● **Exercise**
Every line of the data below should be retyped exactly, with no images carried over.
========================
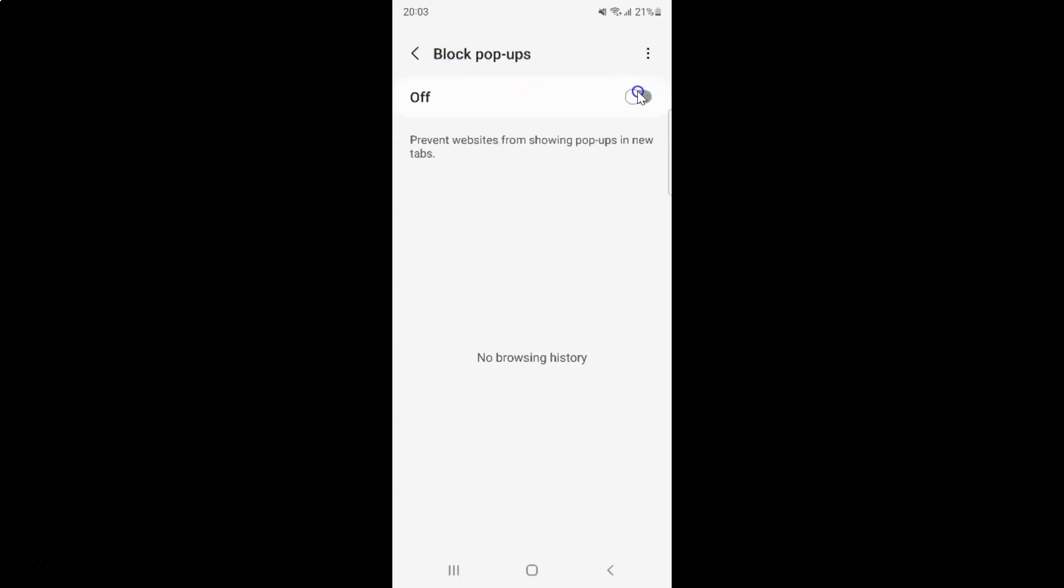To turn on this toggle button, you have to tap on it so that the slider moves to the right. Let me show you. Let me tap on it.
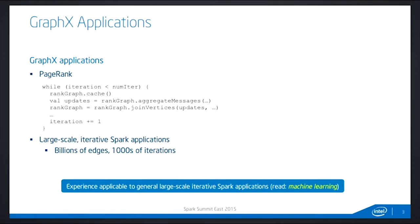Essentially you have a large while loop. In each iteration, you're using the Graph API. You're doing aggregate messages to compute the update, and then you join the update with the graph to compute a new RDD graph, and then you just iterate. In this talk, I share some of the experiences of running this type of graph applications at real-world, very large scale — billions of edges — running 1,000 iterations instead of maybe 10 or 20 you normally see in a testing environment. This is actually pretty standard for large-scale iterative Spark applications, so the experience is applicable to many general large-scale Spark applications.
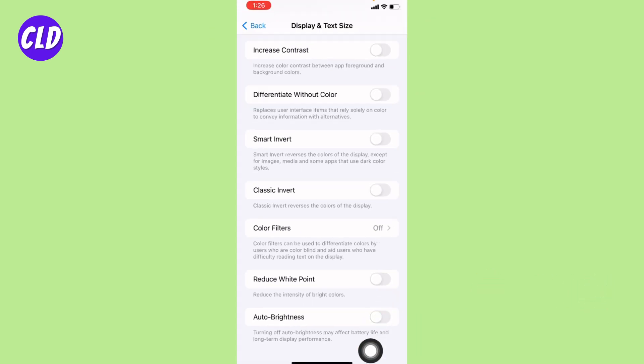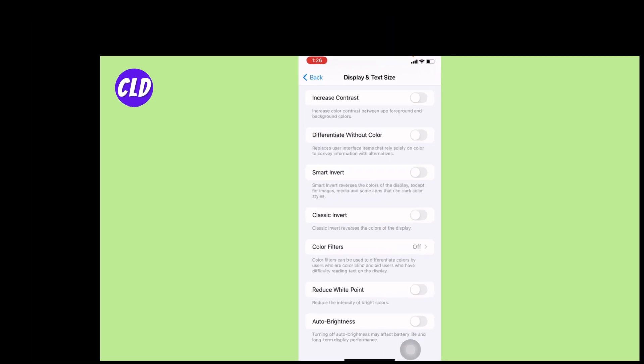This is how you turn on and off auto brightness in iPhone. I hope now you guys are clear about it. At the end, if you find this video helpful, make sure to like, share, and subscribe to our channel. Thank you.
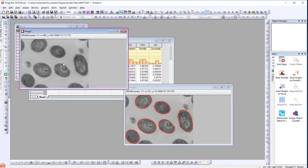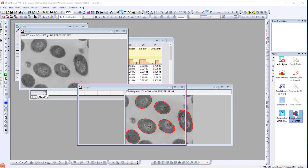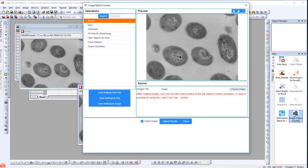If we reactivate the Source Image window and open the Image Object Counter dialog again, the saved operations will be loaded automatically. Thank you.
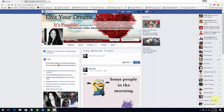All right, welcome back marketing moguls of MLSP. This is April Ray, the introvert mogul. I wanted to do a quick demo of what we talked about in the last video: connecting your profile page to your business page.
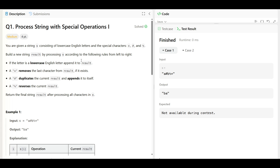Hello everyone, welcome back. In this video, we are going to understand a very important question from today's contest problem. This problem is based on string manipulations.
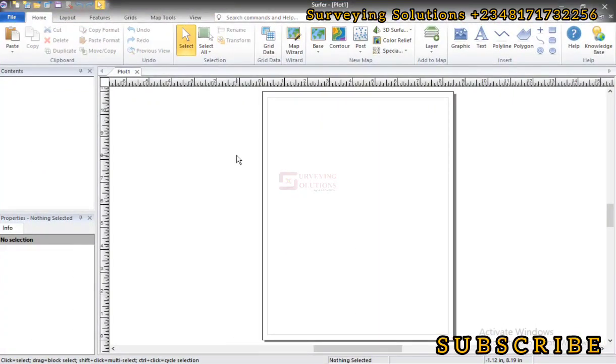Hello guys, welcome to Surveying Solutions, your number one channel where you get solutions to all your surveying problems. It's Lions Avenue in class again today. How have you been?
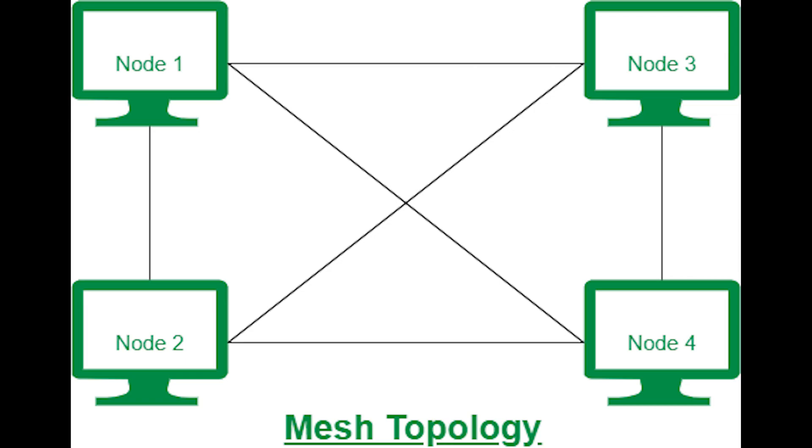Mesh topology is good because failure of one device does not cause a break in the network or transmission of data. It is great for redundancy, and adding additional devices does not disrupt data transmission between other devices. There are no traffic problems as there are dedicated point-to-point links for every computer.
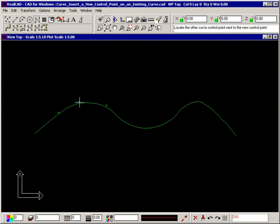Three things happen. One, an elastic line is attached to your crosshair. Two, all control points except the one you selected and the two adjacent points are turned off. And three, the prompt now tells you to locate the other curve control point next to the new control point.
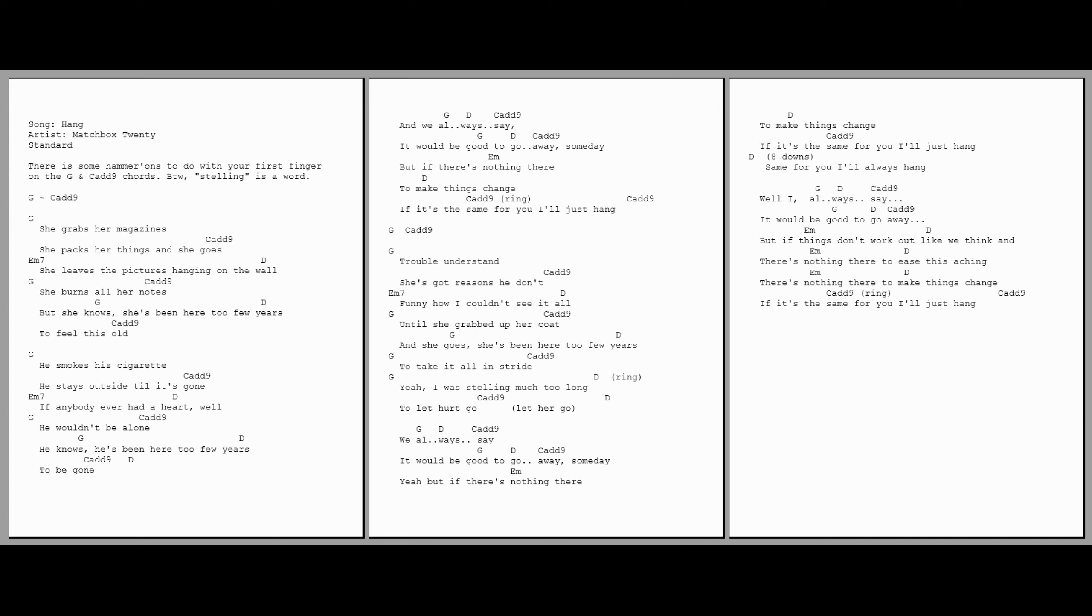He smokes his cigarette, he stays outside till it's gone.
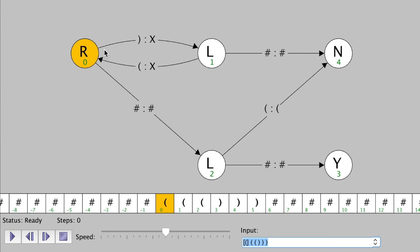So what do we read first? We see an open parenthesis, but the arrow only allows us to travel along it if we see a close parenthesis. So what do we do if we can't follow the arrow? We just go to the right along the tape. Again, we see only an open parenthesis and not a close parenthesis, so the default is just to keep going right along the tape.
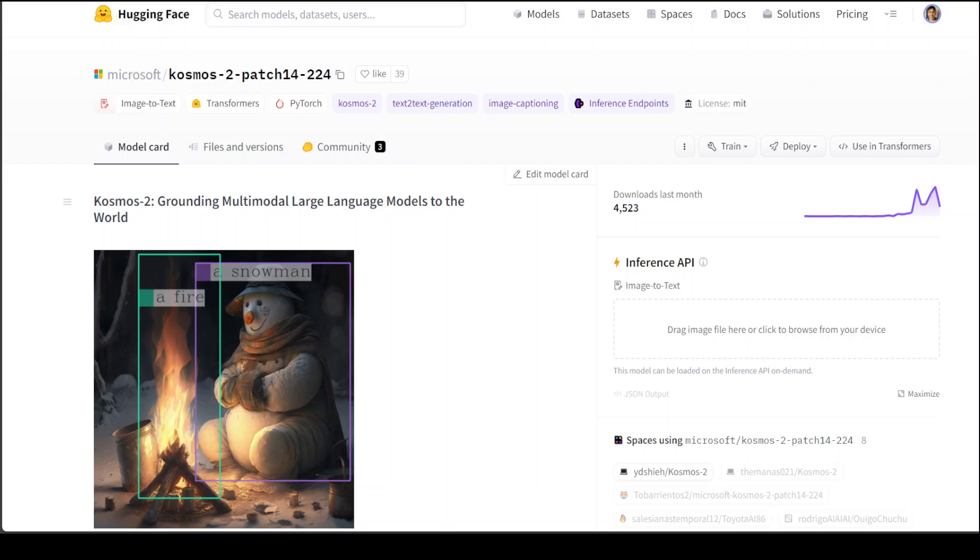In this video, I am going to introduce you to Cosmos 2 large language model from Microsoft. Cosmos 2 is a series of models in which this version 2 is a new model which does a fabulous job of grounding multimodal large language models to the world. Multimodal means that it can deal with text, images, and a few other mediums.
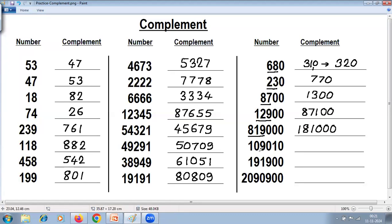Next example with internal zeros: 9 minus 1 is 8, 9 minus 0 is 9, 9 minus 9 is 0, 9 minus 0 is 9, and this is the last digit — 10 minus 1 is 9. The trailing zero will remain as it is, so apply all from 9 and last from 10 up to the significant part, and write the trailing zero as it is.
========================
● **Answer below**
To turn on this toggle button, you have to tap on it so that the slider moves to the right. Let me show you. Let me tap on it.
Essentially you have a large while loop. In each iteration, you're using the Graph API. You're doing aggregate messages to compute the update, and then you join the update with the graph to compute a new RDD graph, and then you just iterate. In this talk, I share some of the experiences of running this type of graph applications at real-world, very large scale — billions of edges — running 1,000 iterations instead of maybe 10 or 20 you normally see in a testing environment. This is actually pretty standard for large-scale iterative Spark applications, so the experience is applicable to many general large-scale Spark applications.
This is how you turn on and off auto brightness in iPhone. I hope now you guys are clear about it. At the end, if you find this video helpful, make sure to like, share, and subscribe to our channel. Thank you.
If we reactivate the Source Image window and open the Image Object Counter dialog again, the saved operations will be loaded automatically. Thank you.
All right, welcome back marketing moguls of MLSP. This is April Ray, the introvert mogul. I wanted to do a quick demo of what we talked about in the last video: connecting your profile page to your business page.
Hello everyone, welcome back. In this video, we are going to understand a very important question from today's contest problem. This problem is based on string manipulations.
Hello guys, welcome to Surveying Solutions, your number one channel where you get solutions to all your surveying problems. It's Lions Avenue in class again today. How have you been?
Mesh topology is good because failure of one device does not cause a break in the network or transmission of data. It is great for redundancy, and adding additional devices does not disrupt data transmission between other devices. There are no traffic problems as there are dedicated point-to-point links for every computer.
Three things happen. One, an elastic line is attached to your crosshair. Two, all control points except the one you selected and the two adjacent points are turned off. And three, the prompt now tells you to locate the other curve control point next to the new control point.
He smokes his cigarette, he stays outside till it's gone.
So what do we read first? We see an open parenthesis, but the arrow only allows us to travel along it if we see a close parenthesis. So what do we do if we can't follow the arrow? We just go to the right along the tape. Again, we see only an open parenthesis and not a close parenthesis, so the default is just to keep going right along the tape.
In this video, I am going to introduce you to Cosmos 2 large language model from Microsoft. Cosmos 2 is a series of models in which this version 2 is a new model which does a fabulous job of grounding multimodal large language models to the world. Multimodal means that it can deal with text, images, and a few other mediums.
Next example with internal zeros: 9 minus 1 is 8, 9 minus 0 is 9, 9 minus 9 is 0, 9 minus 0 is 9, and this is the last digit — 10 minus 1 is 9. The trailing zero will remain as it is, so apply all from 9 and last from 10 up to the significant part, and write the trailing zero as it is.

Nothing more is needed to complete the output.